Granted we went on a Sunday night so those were probably all the degenerate gamblers, but still…

We went back to our rooms and called it a night. Macau definitely isn’t the right place for us.


Day 3 – Finally leaving Macau

The last day, it was raining like crazy in the morning. We had a flight around 11 AM, but I was dying to just leave already. We weren’t sure if the flight was going to be delayed, but I would rather wait at the airport than at the casino anymore.

We grabbed some breakfast at the bakery in the north part of the Wynn. The food was still delicious. We tried the egg tarts there, and it was definitely not as good as the ones from Lord Stow’s, but it was still good. I also ate a chicken pot pie, which was amazing! I haven’t had chicken pot pie in years, so it was a great treat. Honestly, we didn’t have a bad meal in Macau.

Luckily, the rainstorm passed, and our flight wasn’t delayed at all. At least flying didn’t cause any additional headaches this trip.



I don’t think I’ll ever go to Macau again. It’s not fun to play anything, and the table minimums are ridiculous for the casual gambler. I frequently saw full tables that were 1,000 HKD minimum bets!

Add to the fact that everyone is super serious and unfriendly, as well as the service everywhere being extremely crappy, I don’t think it’s the right place for anyone except the most hardcore gamblers.

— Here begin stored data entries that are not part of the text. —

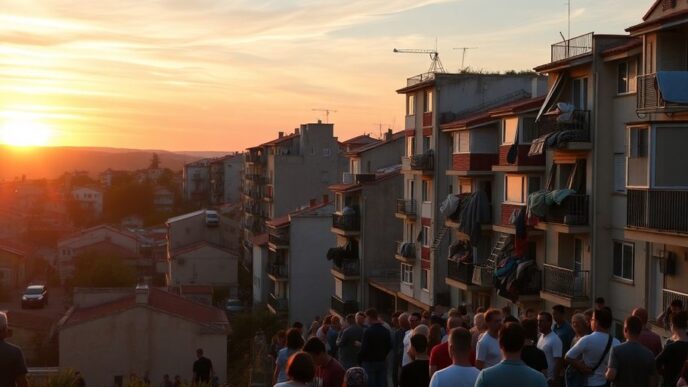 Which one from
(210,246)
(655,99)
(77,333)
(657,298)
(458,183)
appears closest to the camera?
(655,99)

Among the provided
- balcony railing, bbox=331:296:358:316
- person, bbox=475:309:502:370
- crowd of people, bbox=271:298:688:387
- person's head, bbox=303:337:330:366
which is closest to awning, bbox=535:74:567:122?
crowd of people, bbox=271:298:688:387

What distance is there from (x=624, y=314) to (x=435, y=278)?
57.8ft

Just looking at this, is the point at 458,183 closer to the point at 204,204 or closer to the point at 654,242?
the point at 654,242

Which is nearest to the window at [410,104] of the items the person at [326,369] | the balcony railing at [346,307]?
the balcony railing at [346,307]

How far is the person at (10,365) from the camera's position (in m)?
11.9

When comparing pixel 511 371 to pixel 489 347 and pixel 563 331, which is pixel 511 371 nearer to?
pixel 489 347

I know that Macau, in the past few years, surpassed Vegas in terms of gambling revenue, but I think in the long-term, Vegas, because of it’s more family friendly atmosphere and other attractions besides gambling, will always make it a more attractive tourist destination. However, when it comes to the bottom line, the fact that Chinese people love to gamble will always make casinos in Macau ridiculously lucrative.

Certainly more fabulous than Macau

One day, when casinos become legal in China, Macau is screwed. The fact that they rely so heavily on Chinese people from the mainland, yet their attitude and service towards Chinese mainlander’s are so bad, one day they will likely lose everything.

One last aside, I was talking to my boss the other day, and he suggested that China legalize gambling, and similar to Vegas, build a city in the western desert / flatland of China. The government will make a ton of money from taxes on the casinos, and it will help development of the weak western part of the country, which is lagging behind in terms of GDP and growth.

If the Chinese government is reading this, go copy Vegas! Haha, I can’t think of anything that could go wrong.